● **Task requirements**
Only the lines below starting at the one that contains "Rose Crescent restaurants" and ending at the one that contains "May include: A white" are to be reproduced, exactly and with both ends kept.

(Entries shown begins)

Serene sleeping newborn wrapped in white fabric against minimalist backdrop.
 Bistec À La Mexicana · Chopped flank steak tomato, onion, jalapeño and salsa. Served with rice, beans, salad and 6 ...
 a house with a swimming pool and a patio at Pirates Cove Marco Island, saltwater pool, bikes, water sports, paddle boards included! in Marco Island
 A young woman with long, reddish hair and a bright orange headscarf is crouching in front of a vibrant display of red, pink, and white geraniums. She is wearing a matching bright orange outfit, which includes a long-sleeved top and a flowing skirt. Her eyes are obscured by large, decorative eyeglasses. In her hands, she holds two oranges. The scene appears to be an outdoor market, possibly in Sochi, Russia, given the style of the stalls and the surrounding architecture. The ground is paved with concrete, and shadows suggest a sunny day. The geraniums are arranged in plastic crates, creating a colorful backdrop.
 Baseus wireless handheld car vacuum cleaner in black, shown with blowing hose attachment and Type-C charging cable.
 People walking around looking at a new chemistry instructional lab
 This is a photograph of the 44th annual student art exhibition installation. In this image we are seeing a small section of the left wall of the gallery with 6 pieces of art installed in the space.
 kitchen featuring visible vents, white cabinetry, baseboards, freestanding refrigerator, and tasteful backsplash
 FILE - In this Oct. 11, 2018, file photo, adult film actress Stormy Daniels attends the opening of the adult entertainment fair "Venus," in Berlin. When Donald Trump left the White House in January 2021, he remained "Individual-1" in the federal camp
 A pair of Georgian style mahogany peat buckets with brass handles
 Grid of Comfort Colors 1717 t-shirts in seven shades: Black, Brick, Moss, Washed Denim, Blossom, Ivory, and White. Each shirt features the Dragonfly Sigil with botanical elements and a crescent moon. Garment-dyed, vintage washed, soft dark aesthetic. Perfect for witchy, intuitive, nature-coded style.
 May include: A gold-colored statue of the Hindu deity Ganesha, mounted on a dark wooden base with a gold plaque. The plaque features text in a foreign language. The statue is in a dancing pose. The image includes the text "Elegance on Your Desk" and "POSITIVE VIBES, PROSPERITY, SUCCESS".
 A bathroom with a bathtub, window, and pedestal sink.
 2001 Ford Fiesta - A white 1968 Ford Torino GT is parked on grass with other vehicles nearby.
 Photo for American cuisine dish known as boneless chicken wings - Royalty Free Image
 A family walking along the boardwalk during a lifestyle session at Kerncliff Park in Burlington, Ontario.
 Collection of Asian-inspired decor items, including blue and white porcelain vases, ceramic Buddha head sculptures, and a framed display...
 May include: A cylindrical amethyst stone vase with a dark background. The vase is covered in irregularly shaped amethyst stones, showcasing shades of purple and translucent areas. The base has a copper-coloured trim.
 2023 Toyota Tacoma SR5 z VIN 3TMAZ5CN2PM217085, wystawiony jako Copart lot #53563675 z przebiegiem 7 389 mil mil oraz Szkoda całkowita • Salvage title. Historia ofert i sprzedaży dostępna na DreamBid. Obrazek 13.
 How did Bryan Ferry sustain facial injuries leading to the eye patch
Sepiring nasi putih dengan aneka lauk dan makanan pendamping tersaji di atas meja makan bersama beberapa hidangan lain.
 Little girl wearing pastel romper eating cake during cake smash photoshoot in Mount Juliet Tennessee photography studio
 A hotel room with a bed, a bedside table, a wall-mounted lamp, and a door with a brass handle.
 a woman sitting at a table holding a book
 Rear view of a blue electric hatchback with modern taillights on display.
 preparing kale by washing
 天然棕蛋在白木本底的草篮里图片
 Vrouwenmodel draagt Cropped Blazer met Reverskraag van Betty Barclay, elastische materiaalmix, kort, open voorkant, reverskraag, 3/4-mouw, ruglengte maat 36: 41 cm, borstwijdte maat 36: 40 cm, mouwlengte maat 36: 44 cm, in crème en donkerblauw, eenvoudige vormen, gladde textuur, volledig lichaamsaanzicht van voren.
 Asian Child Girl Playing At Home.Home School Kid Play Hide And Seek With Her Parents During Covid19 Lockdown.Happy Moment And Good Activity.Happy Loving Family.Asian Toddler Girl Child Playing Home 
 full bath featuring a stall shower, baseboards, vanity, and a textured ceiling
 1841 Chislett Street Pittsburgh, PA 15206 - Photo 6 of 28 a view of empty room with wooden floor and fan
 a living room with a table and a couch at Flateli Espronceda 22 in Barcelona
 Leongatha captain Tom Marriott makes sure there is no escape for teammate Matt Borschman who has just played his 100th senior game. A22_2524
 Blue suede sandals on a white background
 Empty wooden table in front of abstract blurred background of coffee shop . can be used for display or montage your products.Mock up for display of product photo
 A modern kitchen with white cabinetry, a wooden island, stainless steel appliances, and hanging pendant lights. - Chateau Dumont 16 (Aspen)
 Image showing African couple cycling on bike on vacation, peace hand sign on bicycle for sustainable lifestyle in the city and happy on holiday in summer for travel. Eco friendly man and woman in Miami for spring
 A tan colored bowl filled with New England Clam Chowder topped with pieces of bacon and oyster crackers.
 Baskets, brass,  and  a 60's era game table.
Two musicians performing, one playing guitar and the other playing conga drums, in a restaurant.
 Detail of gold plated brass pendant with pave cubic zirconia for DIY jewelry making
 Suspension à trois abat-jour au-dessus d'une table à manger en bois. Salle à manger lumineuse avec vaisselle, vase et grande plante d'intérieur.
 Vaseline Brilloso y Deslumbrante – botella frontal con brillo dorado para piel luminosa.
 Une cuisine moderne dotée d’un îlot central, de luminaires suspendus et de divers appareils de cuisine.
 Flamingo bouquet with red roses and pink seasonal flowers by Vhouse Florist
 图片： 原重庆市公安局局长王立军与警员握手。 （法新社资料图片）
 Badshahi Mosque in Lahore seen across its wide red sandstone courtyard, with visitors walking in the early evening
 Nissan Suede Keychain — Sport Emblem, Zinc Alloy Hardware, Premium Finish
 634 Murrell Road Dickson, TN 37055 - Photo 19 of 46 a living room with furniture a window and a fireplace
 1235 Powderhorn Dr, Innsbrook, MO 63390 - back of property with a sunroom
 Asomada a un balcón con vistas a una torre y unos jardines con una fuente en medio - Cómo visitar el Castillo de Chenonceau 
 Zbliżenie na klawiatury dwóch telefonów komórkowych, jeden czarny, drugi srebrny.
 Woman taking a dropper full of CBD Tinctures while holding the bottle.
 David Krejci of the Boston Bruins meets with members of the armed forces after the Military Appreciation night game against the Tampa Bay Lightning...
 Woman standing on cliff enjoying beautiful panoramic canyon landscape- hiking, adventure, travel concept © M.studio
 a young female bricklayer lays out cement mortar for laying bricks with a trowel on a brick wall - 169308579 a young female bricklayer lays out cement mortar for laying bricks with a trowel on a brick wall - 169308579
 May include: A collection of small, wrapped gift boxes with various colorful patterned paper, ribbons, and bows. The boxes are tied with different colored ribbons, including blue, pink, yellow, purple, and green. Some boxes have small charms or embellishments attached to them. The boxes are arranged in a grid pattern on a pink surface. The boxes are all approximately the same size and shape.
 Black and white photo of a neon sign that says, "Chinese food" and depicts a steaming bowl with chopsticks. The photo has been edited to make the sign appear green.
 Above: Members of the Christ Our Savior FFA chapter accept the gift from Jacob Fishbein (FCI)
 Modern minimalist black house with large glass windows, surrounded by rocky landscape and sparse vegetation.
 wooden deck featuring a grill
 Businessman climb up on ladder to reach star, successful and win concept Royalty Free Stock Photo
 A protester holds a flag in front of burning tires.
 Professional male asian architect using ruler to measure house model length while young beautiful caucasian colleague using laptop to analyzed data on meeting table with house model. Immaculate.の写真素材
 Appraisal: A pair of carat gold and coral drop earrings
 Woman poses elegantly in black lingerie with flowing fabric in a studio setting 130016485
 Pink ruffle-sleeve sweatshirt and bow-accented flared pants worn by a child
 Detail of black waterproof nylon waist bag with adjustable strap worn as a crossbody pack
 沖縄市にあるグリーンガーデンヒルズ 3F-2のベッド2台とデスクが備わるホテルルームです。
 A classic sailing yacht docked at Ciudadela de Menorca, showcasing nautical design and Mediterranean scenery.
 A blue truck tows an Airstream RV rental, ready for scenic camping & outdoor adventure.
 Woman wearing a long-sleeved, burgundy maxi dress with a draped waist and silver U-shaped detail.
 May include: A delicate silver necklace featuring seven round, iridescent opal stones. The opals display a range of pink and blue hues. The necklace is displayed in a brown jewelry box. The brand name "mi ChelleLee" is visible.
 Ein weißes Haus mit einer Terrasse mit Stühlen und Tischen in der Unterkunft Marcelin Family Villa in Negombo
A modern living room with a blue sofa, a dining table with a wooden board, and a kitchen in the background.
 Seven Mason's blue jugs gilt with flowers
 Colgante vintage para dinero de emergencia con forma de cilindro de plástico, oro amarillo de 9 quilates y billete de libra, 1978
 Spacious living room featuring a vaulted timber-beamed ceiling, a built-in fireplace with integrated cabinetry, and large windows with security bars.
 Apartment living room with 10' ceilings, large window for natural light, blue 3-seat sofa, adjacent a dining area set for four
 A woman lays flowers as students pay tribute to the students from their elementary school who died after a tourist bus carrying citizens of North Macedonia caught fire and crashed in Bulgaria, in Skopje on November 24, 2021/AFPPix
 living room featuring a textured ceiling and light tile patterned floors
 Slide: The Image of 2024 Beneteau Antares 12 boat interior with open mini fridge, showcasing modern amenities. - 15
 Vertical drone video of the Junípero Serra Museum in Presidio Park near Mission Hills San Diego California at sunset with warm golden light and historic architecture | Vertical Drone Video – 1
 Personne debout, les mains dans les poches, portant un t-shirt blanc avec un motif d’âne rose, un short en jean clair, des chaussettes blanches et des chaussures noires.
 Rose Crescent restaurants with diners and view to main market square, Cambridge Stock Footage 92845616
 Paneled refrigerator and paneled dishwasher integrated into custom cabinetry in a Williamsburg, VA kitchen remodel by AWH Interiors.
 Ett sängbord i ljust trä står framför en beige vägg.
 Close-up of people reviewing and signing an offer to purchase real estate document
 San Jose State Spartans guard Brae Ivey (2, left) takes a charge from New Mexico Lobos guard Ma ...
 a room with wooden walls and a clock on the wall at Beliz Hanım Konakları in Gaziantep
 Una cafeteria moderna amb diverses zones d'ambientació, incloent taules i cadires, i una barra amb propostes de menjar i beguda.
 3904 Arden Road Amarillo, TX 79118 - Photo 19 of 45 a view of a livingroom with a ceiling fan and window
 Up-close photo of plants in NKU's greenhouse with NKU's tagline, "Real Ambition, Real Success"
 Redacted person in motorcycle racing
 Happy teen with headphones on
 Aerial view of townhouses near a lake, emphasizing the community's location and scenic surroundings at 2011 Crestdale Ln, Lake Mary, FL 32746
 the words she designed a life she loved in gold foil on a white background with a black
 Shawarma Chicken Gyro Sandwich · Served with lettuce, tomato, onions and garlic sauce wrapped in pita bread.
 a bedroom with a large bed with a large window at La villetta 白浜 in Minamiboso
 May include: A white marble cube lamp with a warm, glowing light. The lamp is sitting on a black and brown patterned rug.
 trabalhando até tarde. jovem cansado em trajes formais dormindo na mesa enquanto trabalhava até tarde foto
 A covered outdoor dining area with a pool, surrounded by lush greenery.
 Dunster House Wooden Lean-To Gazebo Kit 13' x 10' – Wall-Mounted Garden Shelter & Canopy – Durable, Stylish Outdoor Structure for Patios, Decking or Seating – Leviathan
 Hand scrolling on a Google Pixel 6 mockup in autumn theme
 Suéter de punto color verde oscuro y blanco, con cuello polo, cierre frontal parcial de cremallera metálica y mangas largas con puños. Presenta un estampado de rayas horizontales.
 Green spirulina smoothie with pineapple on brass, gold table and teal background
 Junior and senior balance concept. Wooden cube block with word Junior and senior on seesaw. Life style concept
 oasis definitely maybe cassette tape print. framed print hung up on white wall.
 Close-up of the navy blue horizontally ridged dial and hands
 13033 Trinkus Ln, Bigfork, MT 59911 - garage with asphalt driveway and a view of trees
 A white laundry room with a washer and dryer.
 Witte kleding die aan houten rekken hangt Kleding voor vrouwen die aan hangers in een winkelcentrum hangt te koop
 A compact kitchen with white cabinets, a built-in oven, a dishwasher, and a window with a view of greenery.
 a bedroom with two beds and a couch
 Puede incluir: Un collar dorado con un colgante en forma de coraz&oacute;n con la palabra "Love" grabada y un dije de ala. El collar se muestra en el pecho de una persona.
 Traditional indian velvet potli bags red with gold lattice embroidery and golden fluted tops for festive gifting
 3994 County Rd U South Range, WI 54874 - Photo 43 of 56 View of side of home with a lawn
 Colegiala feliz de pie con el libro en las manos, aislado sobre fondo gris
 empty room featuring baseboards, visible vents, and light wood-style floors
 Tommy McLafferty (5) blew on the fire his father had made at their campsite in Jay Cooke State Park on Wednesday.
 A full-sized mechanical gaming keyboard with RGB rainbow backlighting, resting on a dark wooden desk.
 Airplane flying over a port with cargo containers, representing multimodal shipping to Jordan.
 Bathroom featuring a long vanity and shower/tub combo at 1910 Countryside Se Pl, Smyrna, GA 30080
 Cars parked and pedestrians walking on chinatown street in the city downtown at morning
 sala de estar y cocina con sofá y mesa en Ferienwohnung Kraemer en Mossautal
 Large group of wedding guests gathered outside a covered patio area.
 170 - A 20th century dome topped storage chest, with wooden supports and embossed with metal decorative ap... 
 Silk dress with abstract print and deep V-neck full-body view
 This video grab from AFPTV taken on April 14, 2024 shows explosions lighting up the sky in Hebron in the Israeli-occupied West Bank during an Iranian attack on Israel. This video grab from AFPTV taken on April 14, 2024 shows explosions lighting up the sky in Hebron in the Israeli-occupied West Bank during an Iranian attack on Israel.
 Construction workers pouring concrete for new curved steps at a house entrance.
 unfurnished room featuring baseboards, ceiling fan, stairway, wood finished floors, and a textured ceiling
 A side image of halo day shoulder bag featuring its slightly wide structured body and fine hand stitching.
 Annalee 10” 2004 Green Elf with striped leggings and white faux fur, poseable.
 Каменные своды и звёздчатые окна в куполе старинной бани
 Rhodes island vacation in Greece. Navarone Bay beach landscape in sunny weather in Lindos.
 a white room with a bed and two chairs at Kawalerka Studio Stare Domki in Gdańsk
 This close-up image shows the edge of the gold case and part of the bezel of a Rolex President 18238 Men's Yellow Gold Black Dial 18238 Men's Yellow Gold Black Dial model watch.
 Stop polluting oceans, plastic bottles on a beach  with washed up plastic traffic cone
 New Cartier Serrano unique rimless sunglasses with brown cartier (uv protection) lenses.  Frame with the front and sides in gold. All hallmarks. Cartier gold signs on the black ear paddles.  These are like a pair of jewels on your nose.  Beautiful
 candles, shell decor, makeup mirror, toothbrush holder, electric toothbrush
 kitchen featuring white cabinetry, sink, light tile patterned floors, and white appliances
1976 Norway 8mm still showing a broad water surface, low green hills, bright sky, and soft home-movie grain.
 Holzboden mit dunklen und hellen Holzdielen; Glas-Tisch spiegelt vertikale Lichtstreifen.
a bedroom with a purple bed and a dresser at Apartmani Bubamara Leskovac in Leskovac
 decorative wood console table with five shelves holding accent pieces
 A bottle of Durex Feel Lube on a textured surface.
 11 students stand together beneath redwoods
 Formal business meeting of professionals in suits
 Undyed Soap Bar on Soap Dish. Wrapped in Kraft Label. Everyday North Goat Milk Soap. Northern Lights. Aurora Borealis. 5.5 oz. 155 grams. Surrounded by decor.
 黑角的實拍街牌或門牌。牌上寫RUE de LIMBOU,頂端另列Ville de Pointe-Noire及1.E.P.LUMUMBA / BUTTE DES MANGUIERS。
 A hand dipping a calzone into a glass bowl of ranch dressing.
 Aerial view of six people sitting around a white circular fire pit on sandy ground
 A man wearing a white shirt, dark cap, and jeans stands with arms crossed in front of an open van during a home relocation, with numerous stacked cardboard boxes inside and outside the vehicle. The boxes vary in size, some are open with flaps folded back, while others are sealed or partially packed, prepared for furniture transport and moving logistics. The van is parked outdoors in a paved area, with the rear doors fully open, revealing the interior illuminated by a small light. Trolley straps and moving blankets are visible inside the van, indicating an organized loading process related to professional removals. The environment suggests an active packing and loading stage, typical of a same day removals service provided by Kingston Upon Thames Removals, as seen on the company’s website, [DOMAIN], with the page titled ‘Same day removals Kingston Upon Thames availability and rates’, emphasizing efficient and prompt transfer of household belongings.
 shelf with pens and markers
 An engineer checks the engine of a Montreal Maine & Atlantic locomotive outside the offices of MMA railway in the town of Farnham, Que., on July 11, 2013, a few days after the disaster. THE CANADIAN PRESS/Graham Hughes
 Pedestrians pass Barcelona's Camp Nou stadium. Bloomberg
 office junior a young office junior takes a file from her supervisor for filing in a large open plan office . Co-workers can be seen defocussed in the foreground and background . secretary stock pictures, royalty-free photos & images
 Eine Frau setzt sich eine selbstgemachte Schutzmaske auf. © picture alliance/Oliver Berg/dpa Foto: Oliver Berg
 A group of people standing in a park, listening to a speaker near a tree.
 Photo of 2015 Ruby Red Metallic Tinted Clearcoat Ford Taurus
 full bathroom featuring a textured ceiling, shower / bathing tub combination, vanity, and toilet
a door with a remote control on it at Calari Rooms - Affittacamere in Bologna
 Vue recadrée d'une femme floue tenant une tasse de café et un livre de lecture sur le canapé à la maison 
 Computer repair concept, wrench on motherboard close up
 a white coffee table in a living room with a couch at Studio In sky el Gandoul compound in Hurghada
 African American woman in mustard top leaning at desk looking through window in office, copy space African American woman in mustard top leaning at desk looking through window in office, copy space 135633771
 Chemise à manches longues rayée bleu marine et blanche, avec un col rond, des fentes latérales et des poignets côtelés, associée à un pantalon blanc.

(Entries shown ends)

● **Task solution**
 Rose Crescent restaurants with diners and view to main market square, Cambridge Stock Footage 92845616
 Paneled refrigerator and paneled dishwasher integrated into custom cabinetry in a Williamsburg, VA kitchen remodel by AWH Interiors.
 Ett sängbord i ljust trä står framför en beige vägg.
 Close-up of people reviewing and signing an offer to purchase real estate document
 San Jose State Spartans guard Brae Ivey (2, left) takes a charge from New Mexico Lobos guard Ma ...
 a room with wooden walls and a clock on the wall at Beliz Hanım Konakları in Gaziantep
 Una cafeteria moderna amb diverses zones d'ambientació, incloent taules i cadires, i una barra amb propostes de menjar i beguda.
 3904 Arden Road Amarillo, TX 79118 - Photo 19 of 45 a view of a livingroom with a ceiling fan and window
 Up-close photo of plants in NKU's greenhouse with NKU's tagline, "Real Ambition, Real Success"
 Redacted person in motorcycle racing
 Happy teen with headphones on
 Aerial view of townhouses near a lake, emphasizing the community's location and scenic surroundings at 2011 Crestdale Ln, Lake Mary, FL 32746
 the words she designed a life she loved in gold foil on a white background with a black
 Shawarma Chicken Gyro Sandwich · Served with lettuce, tomato, onions and garlic sauce wrapped in pita bread.
 a bedroom with a large bed with a large window at La villetta 白浜 in Minamiboso
 May include: A white marble cube lamp with a warm, glowing light. The lamp is sitting on a black and brown patterned rug.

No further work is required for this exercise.